◆ Work task
Copy out the whole listing exactly as written, leaving the pictures behind.

◆ The data
╭──

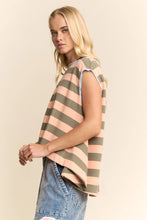 Load image into Gallery viewer, Davi & Dani Contrasting Striped Sleeveless Top in Apricot Olive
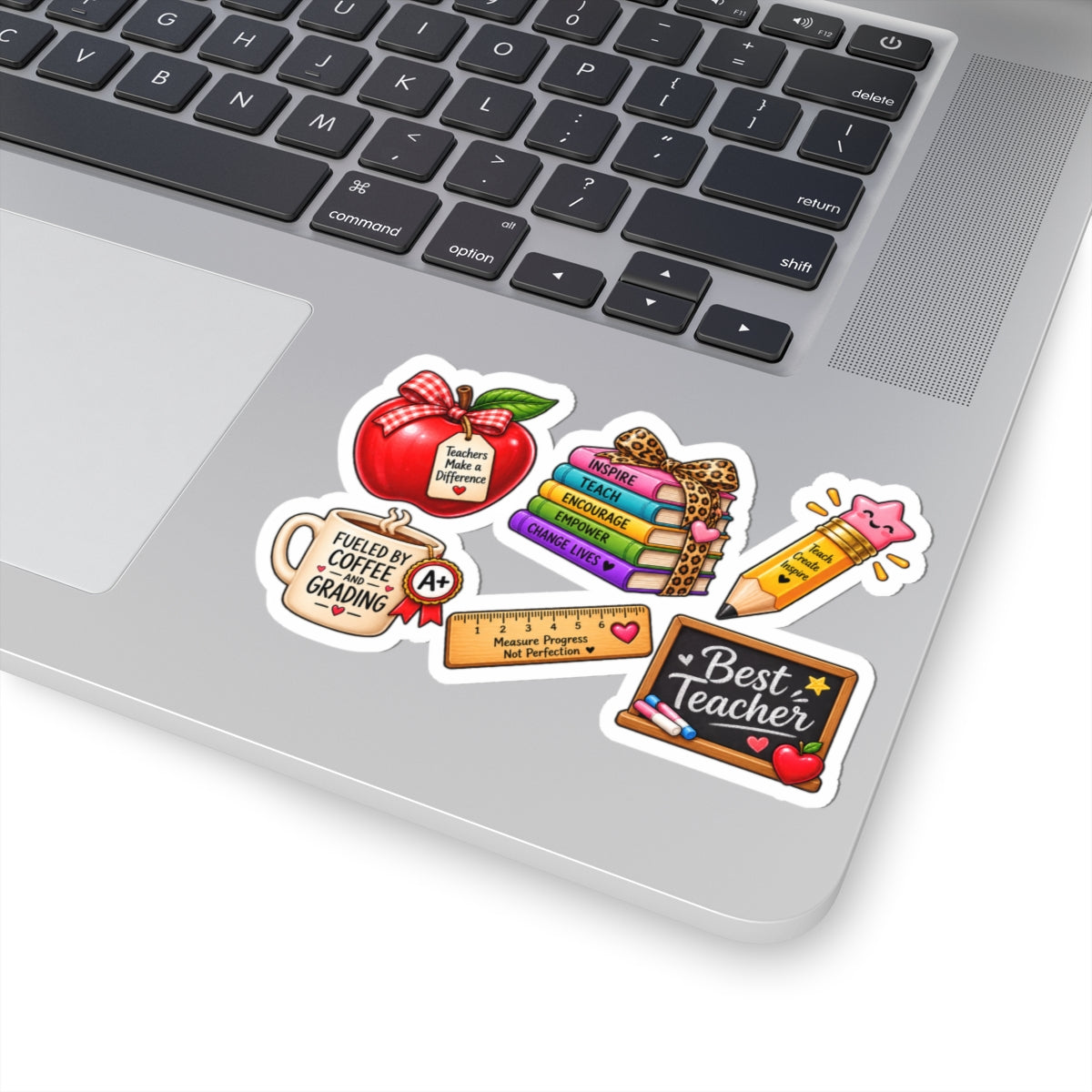 Teacher Sticker Set Kiss-Cut Stickers | Apple, Books, Pencil, Ruler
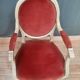 Louis XVI style armchair in white lacquered wood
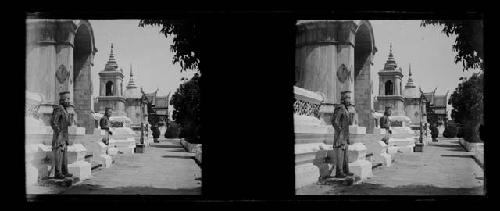 stereo glass slides; statues on walkway, temples in distance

╰──

◆ Exercise result
 Load image into Gallery viewer, Davi & Dani Contrasting Striped Sleeveless Top in Apricot Olive
 Teacher Sticker Set Kiss-Cut Stickers | Apple, Books, Pencil, Ruler
 Louis XVI style armchair in white lacquered wood
 stereo glass slides; statues on walkway, temples in distance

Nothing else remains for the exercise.